Part of the point that Mr Akbar had hoped Mr. Rehman's testimony on Capitol Hill would drive home for Americans is that our national security state is often not as clinical and precise as we imagine it to be. Mr. Rehman's mother was killed in a remote field, distant from other houses or the center of the village, and there were no other casualties on that day. "Clearly there was an error," Mr. Akbar said to me. "People in the U.S. need to see who these victims are — they are poor people from a very underdeveloped area."

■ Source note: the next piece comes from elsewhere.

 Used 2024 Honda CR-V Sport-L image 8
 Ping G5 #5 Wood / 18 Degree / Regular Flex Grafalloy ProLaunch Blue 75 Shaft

This is also part of the lesson of Mr. Akbar's own experience — that the process of getting on our national enemies list is also subject to human judgment and error. After all, you don't need to think our drone policy is misguided to be convinced that if a congressman invites a lawyer to the United States, to help it better understand the consequences of American actions, that man should not be prevented from coming, no matter whom he has sued. The national security state should not be able to simply overrule members of Congress, or to unilaterally decide what voices the public can hear.